Learning from Unexpected Events in the Neocortical Microcircuit
Thursday 3rd December 2020 | 13:15
A long-standing hypothesis in computational neuroscience is that the neocortex learns a hierarchical model of the world by predicting incoming sensory data, and learning from unexpected events. This hypothesis predicts that: (1) There should be distinct responses to expected and unexpected stimuli. (2) As a circuit learns about stimuli, the responses to both expected and unexpected stimuli should change. (3) There should be differences between the manner in which top-down and bottom-up driven responses change during learning. (4) The response changes should be long-lasting and predictable from the differences in the responses to expected and unexpected stimuli.
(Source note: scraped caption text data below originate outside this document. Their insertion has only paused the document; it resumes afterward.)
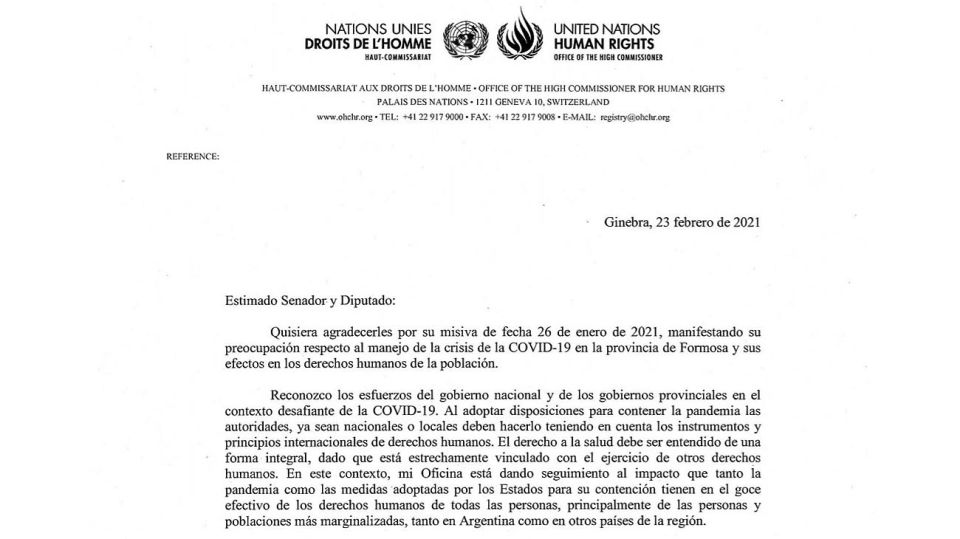Carta de Michele Bachelet 20210225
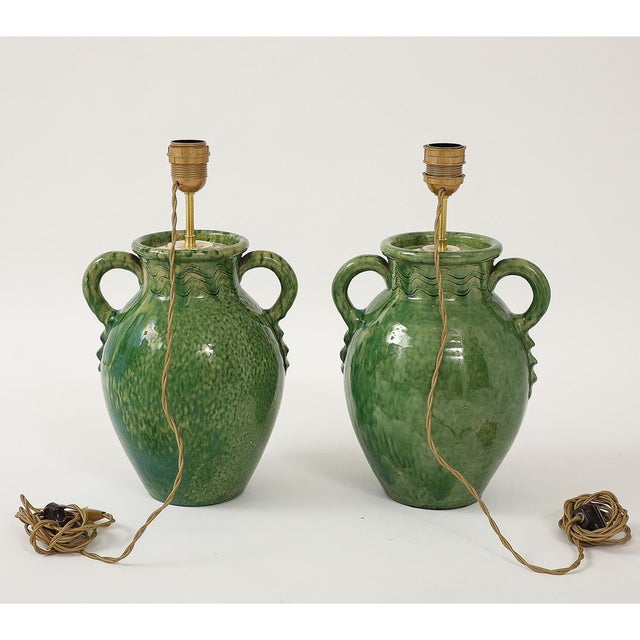 Pair of Vintage Green Ceramic Lamps With Handmade Wicker Shades For Sale - Image 4 of 13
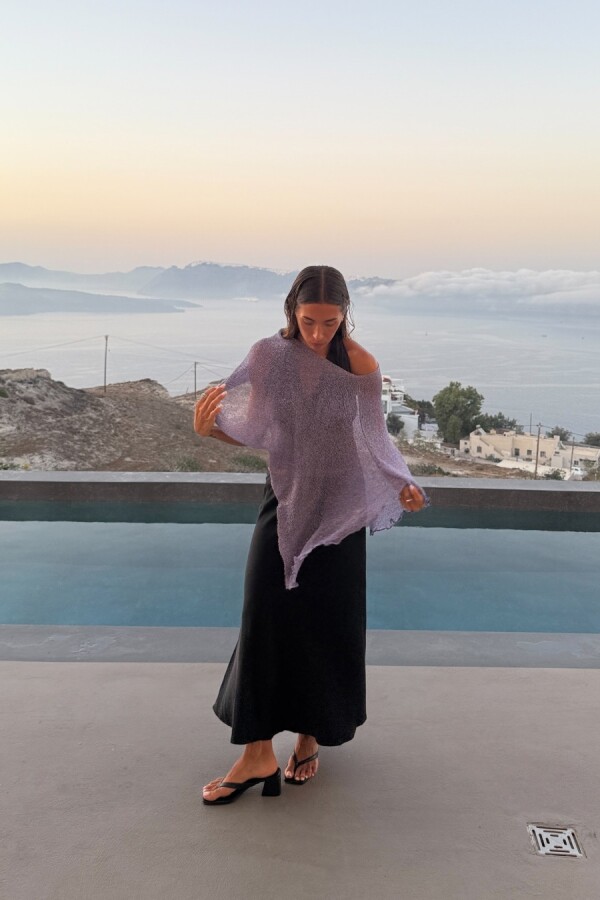 Poncho Fira Lila Lurex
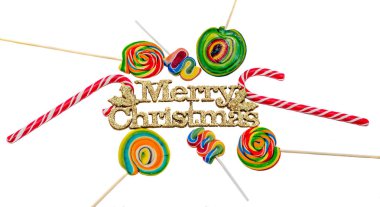 Sarı sparkley neşeli Christams yazmak, renkli şeker harflerle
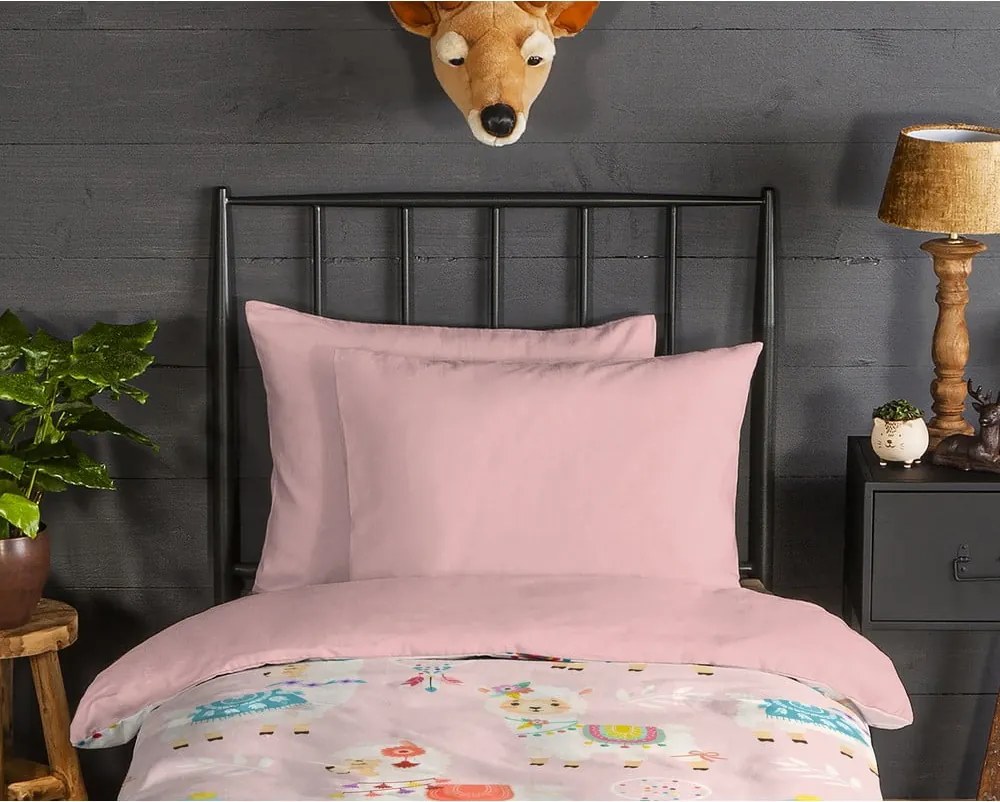 Rózsaszín egyszemélyes flanel gyerek ágyneműhuzat 140x200 cm Ladida – Good Morning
Here, we use chronic two-photon imaging of supra- and sub-granular pyramidal neurons in mouse visual cortex to test these hypotheses. We habituated the mice to sequences of random Gabor frames with embedded patterns to help shape expectations. We then conducted imaging over three days during which time we exposed the mice to sequences that violated the previous patterns. We find that all four of the above predictions are borne out in the data: pyramidal neurons respond differently to unexpected stimuli, the responses to both expected and unexpected stimuli evolve over time, the evolution of these responses is different in the distal apical dendrites and the somata, and the differences in responses predicted this evolution over days. Altogether, this data supports the hierarchical predictive model hypothesis, and provides greater information about how this learning is implemented in the neocortical microcircuit.